• [SUPPLIED DATA]:

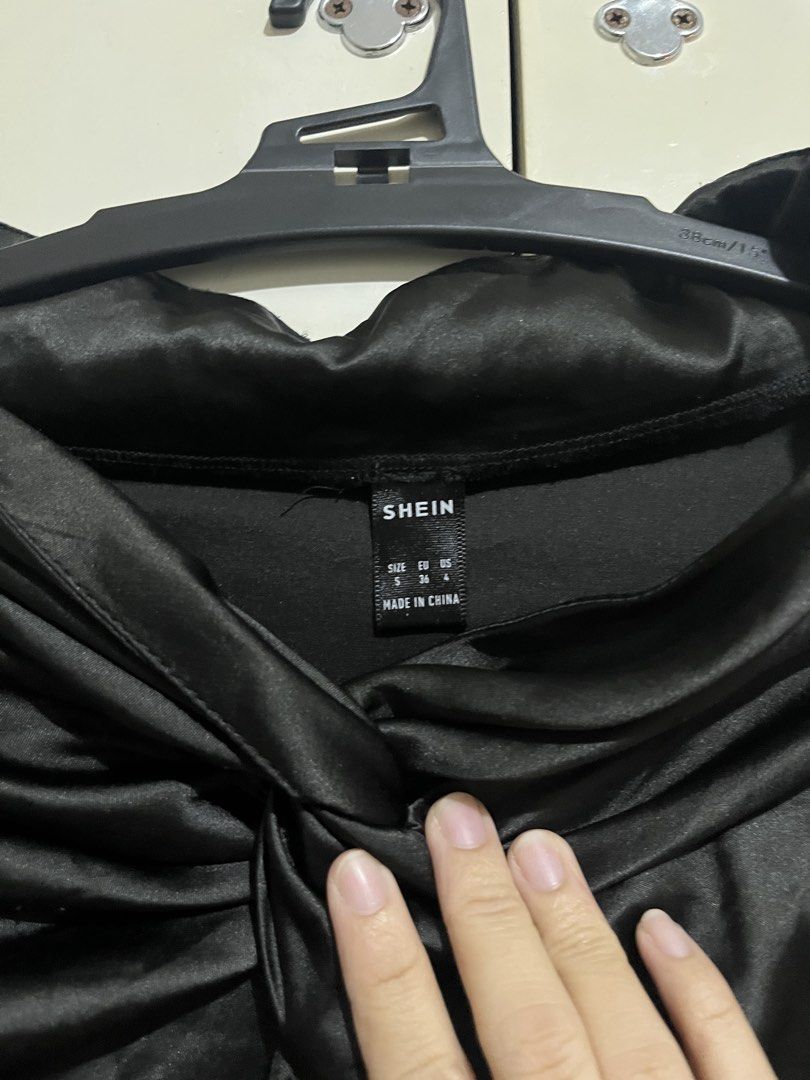 SHEIN Black Satin Skirt (Category: Skirts) located in Taytay. Submitted by jasfinds_ (Listing ID 1422166763, Image 2). Description: - SHEIN black satin midi skirt - Knot detail at waist - Good condition.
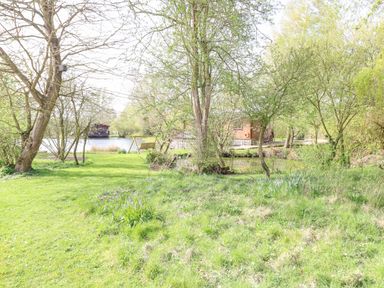 A grassy garden area with trees and a wooden swing bench near a lake with cabins in the background at Damsel Shepherds Hut in Badwell Ash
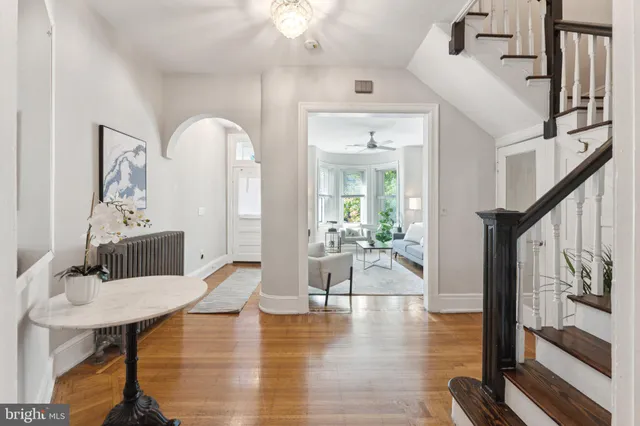a living room with fireplace furniture and a table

• [HOW TO COMPLETE THIS TASK]: The answer should be the full material above, printed exactly, with no pictures in it.

• [SOLVED PROBLEM]:
 SHEIN Black Satin Skirt (Category: Skirts) located in Taytay. Submitted by jasfinds_ (Listing ID 1422166763, Image 2). Description: - SHEIN black satin midi skirt - Knot detail at waist - Good condition.
 A grassy garden area with trees and a wooden swing bench near a lake with cabins in the background at Damsel Shepherds Hut in Badwell Ash
a living room with fireplace furniture and a table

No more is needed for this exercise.